Even with the deficit, there was record demand for U.S. government bonds in 2011, pushing longer-maturity Treasuries to their best performance since 1995. While Standard & Poor’s stripped the U.S. of its AAA credit rating on Aug. 5 after a protracted standoff over the debt ceiling, Treasuries due in 10 years or more returned 29 percent last year.
The yield on the current 30-year bond rose one basis point, or 0.01 percentage point, to 2.97 percent at 5 p.m. in New York yesterday, according to Bloomberg Bond Trader prices. Ten-year yields rose two basis points to 1.92 percent.
The law calls for Obama to notify Congress when the debt came within $100 billion of the current $15.194 trillion limit.
While the threshold was reached Dec. 30, when the president was in Hawaii and Congress was on holiday break, Obama agreed to a request from congressional leaders to delay the debt notification, ensuring the deadline for congressional action didn’t lapse before lawmakers returned to Washington.
The debt ceiling increase is to meet commitments already made by the government.

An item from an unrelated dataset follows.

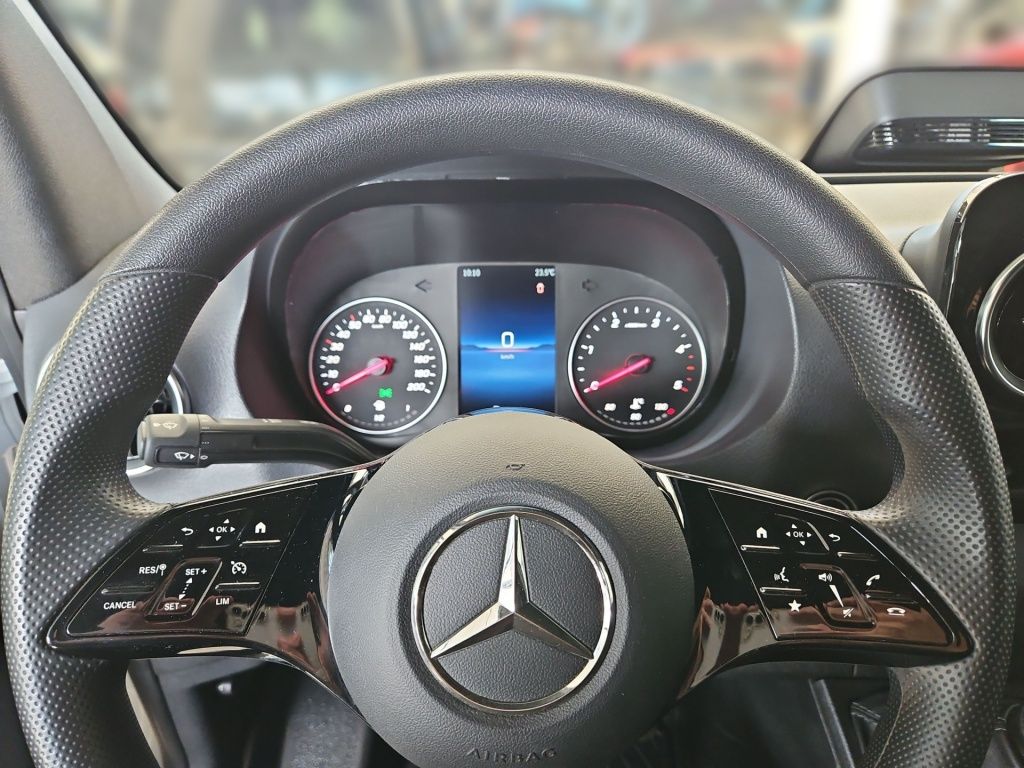 Fahrzeugabbildung Mercedes-Benz Sprinter 317 Kasten PRO L2H2 3,5tAHK STHZ Regale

The Treasury Department has been relying on accounting maneuvers, similar to the ones employed during the year’s earlier dispute, to ensure that the previous $15.194 trillion limit wasn’t breached.
Since the budget law was approved, the debt limit has been raised twice, by a total of $900 billion. In the latest request, the limit would rise to $16.394 trillion, which the Treasury Department estimates will fund the government until late 2012.
In the last certification vote, the Republican-controlled House passed a resolution of disapproval, while the Senate didn’t.